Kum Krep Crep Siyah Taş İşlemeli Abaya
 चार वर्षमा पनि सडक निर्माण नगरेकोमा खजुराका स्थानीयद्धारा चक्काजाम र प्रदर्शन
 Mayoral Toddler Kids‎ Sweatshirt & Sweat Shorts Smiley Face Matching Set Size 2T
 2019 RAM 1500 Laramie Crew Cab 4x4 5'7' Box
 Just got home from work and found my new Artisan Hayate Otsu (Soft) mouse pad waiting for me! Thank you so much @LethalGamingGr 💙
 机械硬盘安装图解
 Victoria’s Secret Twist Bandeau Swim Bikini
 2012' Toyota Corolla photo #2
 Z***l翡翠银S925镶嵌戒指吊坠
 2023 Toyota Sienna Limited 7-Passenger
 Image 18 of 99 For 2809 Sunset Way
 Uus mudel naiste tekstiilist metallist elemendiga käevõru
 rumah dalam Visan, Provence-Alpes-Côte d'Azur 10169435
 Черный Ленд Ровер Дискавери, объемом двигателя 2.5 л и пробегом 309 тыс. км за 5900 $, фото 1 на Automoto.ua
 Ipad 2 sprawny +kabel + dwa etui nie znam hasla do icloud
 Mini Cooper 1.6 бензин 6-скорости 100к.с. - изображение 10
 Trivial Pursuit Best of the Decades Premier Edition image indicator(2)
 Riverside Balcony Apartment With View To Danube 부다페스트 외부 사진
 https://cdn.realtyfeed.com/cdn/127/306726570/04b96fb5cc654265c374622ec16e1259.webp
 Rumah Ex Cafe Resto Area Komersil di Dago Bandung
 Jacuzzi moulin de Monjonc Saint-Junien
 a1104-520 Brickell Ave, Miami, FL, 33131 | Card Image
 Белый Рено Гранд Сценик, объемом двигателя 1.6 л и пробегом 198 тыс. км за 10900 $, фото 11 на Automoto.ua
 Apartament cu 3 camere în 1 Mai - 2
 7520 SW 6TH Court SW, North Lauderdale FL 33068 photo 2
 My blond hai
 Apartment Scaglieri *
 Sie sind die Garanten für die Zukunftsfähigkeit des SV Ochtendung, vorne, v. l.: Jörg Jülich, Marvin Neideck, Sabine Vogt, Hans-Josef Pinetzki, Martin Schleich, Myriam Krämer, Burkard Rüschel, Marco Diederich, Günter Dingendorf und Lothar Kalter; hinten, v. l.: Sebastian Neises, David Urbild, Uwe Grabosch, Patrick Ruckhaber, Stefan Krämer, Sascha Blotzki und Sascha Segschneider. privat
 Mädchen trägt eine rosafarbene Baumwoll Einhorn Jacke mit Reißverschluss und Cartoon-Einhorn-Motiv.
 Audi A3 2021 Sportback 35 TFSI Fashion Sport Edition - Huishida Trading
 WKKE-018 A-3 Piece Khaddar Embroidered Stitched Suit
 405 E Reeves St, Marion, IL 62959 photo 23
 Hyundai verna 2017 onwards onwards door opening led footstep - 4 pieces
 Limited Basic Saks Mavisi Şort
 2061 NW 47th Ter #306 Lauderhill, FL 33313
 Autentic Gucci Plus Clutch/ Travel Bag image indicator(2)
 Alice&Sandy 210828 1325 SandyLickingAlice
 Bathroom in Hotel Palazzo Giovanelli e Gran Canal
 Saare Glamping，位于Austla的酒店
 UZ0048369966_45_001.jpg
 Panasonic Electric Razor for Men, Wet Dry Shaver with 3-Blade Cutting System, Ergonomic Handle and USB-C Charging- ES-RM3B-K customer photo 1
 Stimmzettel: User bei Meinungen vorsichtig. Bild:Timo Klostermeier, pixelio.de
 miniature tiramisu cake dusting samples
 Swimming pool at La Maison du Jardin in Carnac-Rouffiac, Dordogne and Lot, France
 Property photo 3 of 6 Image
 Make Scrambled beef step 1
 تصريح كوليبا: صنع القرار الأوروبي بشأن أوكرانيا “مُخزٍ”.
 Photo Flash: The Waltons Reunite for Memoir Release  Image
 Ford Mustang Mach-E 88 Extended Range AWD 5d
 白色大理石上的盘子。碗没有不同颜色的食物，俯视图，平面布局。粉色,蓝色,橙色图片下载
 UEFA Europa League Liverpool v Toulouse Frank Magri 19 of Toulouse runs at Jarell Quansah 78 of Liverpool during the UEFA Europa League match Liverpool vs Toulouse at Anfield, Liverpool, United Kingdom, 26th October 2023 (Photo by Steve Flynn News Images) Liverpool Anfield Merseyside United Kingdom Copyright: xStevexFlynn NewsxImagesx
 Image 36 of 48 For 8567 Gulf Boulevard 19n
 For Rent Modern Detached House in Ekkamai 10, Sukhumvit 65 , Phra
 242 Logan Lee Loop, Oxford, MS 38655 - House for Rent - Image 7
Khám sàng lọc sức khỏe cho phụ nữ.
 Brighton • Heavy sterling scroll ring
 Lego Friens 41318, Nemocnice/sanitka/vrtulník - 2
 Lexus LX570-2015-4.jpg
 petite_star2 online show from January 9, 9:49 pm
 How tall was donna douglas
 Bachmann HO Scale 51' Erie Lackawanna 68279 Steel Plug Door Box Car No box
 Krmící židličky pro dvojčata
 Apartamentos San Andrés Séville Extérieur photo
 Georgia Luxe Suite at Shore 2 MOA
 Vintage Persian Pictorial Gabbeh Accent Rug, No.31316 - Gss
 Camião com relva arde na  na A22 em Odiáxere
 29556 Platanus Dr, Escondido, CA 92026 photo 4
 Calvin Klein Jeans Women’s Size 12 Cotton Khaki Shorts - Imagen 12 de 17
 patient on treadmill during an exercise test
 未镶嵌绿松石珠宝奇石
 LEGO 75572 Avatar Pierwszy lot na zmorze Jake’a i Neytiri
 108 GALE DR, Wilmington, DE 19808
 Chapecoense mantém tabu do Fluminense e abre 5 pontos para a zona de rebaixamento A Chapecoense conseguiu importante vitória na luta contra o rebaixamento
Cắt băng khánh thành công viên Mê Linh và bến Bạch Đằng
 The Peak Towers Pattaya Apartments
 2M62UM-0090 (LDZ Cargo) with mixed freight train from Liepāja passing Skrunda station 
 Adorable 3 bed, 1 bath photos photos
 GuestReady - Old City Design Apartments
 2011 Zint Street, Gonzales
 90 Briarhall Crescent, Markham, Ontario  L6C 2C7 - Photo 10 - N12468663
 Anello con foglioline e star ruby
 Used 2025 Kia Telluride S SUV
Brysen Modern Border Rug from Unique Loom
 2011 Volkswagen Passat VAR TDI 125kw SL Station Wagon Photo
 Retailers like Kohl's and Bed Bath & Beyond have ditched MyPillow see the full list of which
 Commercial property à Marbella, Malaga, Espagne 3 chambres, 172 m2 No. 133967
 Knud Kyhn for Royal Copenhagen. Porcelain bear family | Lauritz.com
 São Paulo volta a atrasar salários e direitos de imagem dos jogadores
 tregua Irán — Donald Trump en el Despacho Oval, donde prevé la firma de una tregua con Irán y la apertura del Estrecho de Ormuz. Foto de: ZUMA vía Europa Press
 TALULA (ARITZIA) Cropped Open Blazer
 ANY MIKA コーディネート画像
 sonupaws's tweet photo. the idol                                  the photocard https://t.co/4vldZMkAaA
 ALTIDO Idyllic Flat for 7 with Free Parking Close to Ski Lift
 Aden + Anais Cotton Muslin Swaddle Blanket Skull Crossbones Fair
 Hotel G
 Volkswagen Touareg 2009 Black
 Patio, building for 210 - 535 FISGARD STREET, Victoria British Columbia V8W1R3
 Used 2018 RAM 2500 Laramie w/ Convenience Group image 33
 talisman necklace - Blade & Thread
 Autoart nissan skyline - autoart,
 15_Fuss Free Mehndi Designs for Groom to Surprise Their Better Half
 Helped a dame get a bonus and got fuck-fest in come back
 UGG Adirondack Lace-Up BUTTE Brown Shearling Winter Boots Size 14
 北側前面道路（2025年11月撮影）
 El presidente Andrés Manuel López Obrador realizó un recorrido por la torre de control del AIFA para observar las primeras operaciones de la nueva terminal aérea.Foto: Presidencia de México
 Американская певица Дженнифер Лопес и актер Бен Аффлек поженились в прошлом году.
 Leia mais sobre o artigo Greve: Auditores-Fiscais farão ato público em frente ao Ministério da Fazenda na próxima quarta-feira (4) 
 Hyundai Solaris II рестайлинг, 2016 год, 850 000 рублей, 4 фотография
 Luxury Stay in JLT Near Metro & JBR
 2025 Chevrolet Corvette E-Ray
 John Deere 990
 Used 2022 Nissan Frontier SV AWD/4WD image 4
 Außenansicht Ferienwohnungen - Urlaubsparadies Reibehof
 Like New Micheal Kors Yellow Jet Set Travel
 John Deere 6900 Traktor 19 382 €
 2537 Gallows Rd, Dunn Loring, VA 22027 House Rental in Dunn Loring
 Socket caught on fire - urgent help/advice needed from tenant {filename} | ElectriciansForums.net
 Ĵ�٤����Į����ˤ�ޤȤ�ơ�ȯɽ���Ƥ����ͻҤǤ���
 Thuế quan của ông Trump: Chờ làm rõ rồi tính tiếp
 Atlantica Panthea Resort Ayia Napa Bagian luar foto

.....

## Prompt
Keeping every character as it is, restate the lines above that run from the line with "Lexus LX570-2015-4.jpg" through the line with "São Paulo volta", both included, and nothing else.

## Response to the exercise
 Lexus LX570-2015-4.jpg
 petite_star2 online show from January 9, 9:49 pm
 How tall was donna douglas
 Bachmann HO Scale 51' Erie Lackawanna 68279 Steel Plug Door Box Car No box
 Krmící židličky pro dvojčata
 Apartamentos San Andrés Séville Extérieur photo
 Georgia Luxe Suite at Shore 2 MOA
 Vintage Persian Pictorial Gabbeh Accent Rug, No.31316 - Gss
 Camião com relva arde na  na A22 em Odiáxere
 29556 Platanus Dr, Escondido, CA 92026 photo 4
 Calvin Klein Jeans Women’s Size 12 Cotton Khaki Shorts - Imagen 12 de 17
 patient on treadmill during an exercise test
 未镶嵌绿松石珠宝奇石
 LEGO 75572 Avatar Pierwszy lot na zmorze Jake’a i Neytiri
 108 GALE DR, Wilmington, DE 19808
 Chapecoense mantém tabu do Fluminense e abre 5 pontos para a zona de rebaixamento A Chapecoense conseguiu importante vitória na luta contra o rebaixamento
Cắt băng khánh thành công viên Mê Linh và bến Bạch Đằng
 The Peak Towers Pattaya Apartments
 2M62UM-0090 (LDZ Cargo) with mixed freight train from Liepāja passing Skrunda station 
 Adorable 3 bed, 1 bath photos photos
 GuestReady - Old City Design Apartments
 2011 Zint Street, Gonzales
 90 Briarhall Crescent, Markham, Ontario  L6C 2C7 - Photo 10 - N12468663
 Anello con foglioline e star ruby
 Used 2025 Kia Telluride S SUV
Brysen Modern Border Rug from Unique Loom
 2011 Volkswagen Passat VAR TDI 125kw SL Station Wagon Photo
 Retailers like Kohl's and Bed Bath & Beyond have ditched MyPillow see the full list of which
 Commercial property à Marbella, Malaga, Espagne 3 chambres, 172 m2 No. 133967
 Knud Kyhn for Royal Copenhagen. Porcelain bear family | Lauritz.com
 São Paulo volta a atrasar salários e direitos de imagem dos jogadores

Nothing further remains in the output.